South African photo-journalist

Greg Marinovich (born Gregory Sebastian Marinovich, 8 December 1962) is a Pulitzer-awarded South African photojournalist, filmmaker, photo editor, and member of the Bang-Bang Club.

He co-authored the book The Bang-Bang Club: Snapshots from a Hidden War (2000), which details South Africa's transition to constitutional democracy.

== Early life ==
Marinovich was born on 8 December 1962, in Springs, Gauteng, South Africa. He is the son of an immigrant from Korčula, Croatia.

In 1985 Marinovich took pictures of Archbishop Desmond Tutu at a church service in Johannesburg. It was his first news event. From 1983 to 1985, Marinovich participated as a mandatory conscript in the military. After the initial two years, in order to not participate in camps, Marinovich left the country. He moved to Botswana. At the northern border he met members of the South West African People's Organisation (SWAPO). There started his interest to explore more the living conditions of people at times of political extremis.

Back in South Africa he worked for a hiking and safari company. At this job, he learned as an autodidact how to write articles and how to become a photojournalist. He also succeeded in finding jobs with Johannesburg-based newspapers as a photographer and sub-editing freelancer.

== Photojournalist and editor ==
===As part of Bang Bang Club===
On 17 August 1990, Marinovich, who was 27 at the time, went to Soweto to cover the fighting in the Hostel War. He sold the photos of the killings he witnessed to the Associated Press (AP) Johannesburg office.

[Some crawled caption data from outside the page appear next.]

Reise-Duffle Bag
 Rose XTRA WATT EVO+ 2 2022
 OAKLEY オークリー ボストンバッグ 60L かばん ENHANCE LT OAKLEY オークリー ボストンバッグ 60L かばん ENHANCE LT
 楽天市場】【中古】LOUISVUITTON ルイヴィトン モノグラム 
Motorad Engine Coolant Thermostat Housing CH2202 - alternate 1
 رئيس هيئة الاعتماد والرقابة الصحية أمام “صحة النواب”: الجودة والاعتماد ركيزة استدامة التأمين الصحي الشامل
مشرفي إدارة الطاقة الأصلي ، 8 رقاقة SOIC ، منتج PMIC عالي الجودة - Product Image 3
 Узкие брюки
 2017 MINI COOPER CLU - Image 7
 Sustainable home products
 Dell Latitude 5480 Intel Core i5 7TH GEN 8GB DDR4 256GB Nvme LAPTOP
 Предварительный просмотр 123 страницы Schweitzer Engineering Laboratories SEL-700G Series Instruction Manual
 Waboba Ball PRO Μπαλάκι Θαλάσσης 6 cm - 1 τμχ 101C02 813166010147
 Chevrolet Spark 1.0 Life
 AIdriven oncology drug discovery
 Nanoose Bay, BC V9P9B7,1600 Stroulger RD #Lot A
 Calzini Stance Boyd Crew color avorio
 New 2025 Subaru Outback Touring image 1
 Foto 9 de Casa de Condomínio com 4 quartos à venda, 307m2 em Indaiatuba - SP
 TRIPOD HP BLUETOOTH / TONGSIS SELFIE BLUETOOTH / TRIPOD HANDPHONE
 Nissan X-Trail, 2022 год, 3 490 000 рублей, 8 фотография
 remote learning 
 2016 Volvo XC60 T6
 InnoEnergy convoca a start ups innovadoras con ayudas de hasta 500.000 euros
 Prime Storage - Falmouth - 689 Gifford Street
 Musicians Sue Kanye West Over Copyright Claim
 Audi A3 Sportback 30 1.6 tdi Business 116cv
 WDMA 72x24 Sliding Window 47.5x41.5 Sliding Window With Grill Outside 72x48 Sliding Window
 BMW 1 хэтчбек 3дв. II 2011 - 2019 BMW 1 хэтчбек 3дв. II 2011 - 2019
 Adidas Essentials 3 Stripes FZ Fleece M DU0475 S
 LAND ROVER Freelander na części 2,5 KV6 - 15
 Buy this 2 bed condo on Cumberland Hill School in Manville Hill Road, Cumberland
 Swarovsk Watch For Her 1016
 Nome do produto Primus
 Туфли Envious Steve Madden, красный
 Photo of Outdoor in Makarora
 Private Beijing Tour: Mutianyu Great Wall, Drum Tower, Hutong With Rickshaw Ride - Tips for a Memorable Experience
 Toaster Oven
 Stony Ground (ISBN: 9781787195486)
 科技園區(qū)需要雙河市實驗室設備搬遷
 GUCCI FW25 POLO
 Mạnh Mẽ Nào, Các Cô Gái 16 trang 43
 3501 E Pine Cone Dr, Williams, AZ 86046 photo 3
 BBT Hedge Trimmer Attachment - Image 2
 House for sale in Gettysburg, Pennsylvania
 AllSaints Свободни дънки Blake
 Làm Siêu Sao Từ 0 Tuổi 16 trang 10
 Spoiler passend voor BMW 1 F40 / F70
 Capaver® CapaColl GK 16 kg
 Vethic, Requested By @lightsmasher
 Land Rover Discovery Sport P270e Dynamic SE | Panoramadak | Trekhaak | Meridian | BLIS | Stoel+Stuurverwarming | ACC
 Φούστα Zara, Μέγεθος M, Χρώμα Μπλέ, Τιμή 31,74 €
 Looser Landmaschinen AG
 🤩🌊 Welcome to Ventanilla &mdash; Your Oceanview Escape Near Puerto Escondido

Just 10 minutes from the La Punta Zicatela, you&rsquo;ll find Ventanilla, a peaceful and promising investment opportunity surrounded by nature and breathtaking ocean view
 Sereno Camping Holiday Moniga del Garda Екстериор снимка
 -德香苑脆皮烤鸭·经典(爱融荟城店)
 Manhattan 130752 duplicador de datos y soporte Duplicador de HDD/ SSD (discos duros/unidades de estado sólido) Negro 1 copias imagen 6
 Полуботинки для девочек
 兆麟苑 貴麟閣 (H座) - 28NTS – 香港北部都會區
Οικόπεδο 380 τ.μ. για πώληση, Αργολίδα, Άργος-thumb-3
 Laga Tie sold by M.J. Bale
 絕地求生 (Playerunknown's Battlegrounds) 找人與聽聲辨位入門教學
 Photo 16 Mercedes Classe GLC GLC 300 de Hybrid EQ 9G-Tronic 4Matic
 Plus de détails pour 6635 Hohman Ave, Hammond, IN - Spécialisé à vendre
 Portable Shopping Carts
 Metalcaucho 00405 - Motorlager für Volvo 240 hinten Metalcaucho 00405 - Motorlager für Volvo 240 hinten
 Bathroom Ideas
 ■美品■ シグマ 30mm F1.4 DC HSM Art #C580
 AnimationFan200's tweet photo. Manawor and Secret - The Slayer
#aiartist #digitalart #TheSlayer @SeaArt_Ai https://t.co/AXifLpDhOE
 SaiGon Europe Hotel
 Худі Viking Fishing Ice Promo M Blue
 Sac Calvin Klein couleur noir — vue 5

From that day on, he regularly worked in Soweto, often working for the AP. On 15 September 1990 Marinovich travelled again to the townships with an AP reporter from the United States. The most notorious from this period was the photos of the murder of Lindsaye Tshabalala, a Zulu Inkatha supporter and burning of his body. The photos received the Pulitzer Prize for Breaking News Photography in 1991. After the photos were published, the South African police tried to locate him as a witness to the killing, but failed as the photos credited Sebastian Balic. Marinovich was not interested in being a witness, because of the risk associated, and outing by informants.

For the nature of his work as a non-black journalist in South Africa, and the process of resistance photography and censorship and challenges facing resistance photographers, he says race was a major factor, especially in the pursuit of journalists by the South African police and their arrest. In his joint book with João Silva, he writes about his work:

Black photographers had the language and cultural skills and contacts in black communities that allowed them greater insight and access, unlike the whites, who hardly ever understood even one of the nine major black languages. But black photojournalists were much more prone to harassment by the police - no white photographer was ever detained for 18 months in solitary as Magubane had been.

===Other work===
Very soon, he left Johannesburg for London where he received his first international assignment for Belgrade, Yugoslavia, in November 1990, and then for Budapest, Hungary. He then flew back to South Africa and reported again about the Hostel War.

Marinovich has been shot and wounded four times while covering conflicts in South Africa and Afghanistan.

His main engagements as a journalist include:
- 1988: Freelance photographer and writer specializing in social documentary and anthropology. Part-time copy editor at a South African financial magazine.
- 1991: Freelance photographer, with works published in Time magazine, Newsweek, The New York Times, the Associated Press, and as a member of the Bang-Bang Club.
- April 1996 to August 1997: Chief photographer, the Associated Press covering the Israeli-Palestinian conflict.
- 2011: Associate editor, The Daily Maverick, Johannesburg, as writer and photographer
- 2015: Co-founder and editor: The Stand in the United States, a global documentary and photojournalism agency.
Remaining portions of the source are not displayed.